The new on- chip memory technology, to which the company proclaimed as a boon for networking, gaming and multi-media applications, triples the amount of memory stored on computer chips and doubles the performance of data-hungry processors by replacing a contested type of memory with a variety that uses much less space on the silicon chip.

The Armonk, New York-based IBM yesterday outlined the technical details of its breakthrough at the International Solid State Circuits Conference (ISSCC).

The first-of-its-kind, on-chip memory technology features the fastest access times ever recorded in embedded dynamic random access memory (eDRAM). IBM said its eDRAM was designed to provide high performance without guzzling electricity.
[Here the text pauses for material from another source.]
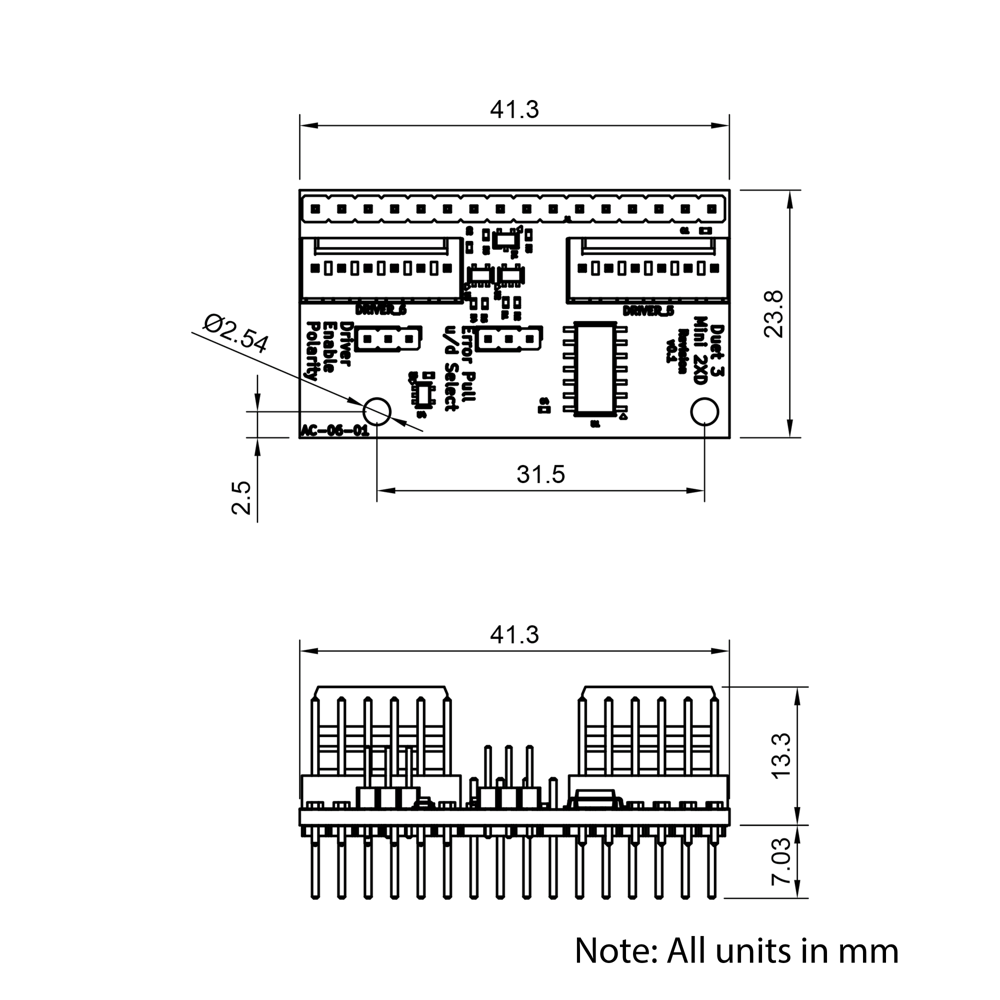 Technical Drawing Of Duet 3 Expansion Board Mini 2XD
According to IBM engineers, tests showed eDRAM processing data ten times faster than the DRAM technology usually used in personal computers.

By claiming that its new on- chip memory technology has the fastest access time ever recorded in embedded dynamic random access memory, IBM has set up itself along with its partner Advanced Micro Devices (AMD) for aggrandized competition with Intel in the chip market.

"IBM is effectively doubling microprocessor performance beyond what classical scaling alone can achieve," Subramanian Iyer, IBM's director of technology development, said in the statement. "As semiconductor components have reached the atomic scale, design innovation at the chip level has replaced materials science as a key factor in continuing Moore's Law."

Moore's Law is a decades-old prediction by Gordon Moore, cofounder of the Intel Corporation, stating that the number of transistors on a microprocessor doubles every two years.

At the conference, Big Blue further said that instead of SRAM (static RAM), used to store information directly on computer chips, it intends to integrate another kind of memory called DRAM (dynamic RAM) because the embedded memory cache built onto each of its chips.

IBM expects to make the eDRAM technology available in its 45-nanometer microprocessor line, which will start coming out in 2008. The technology initially will be included in its entire range of 45nm server chips starting next year but the company would later expand it to other products.

IBM is already integrating the new embedded DRAM (eDRAM) in 65nm prototype chips. Being the chief supplier of chips for all three of the top gaming consoles, Sony Computer Entertainment Inc.'s PlayStation 3 (PS3), Nintendo Co.'s Wii and Microsoft Corp.'s Xbox 360, IBM’s new technology could play big role in consumer electronics market.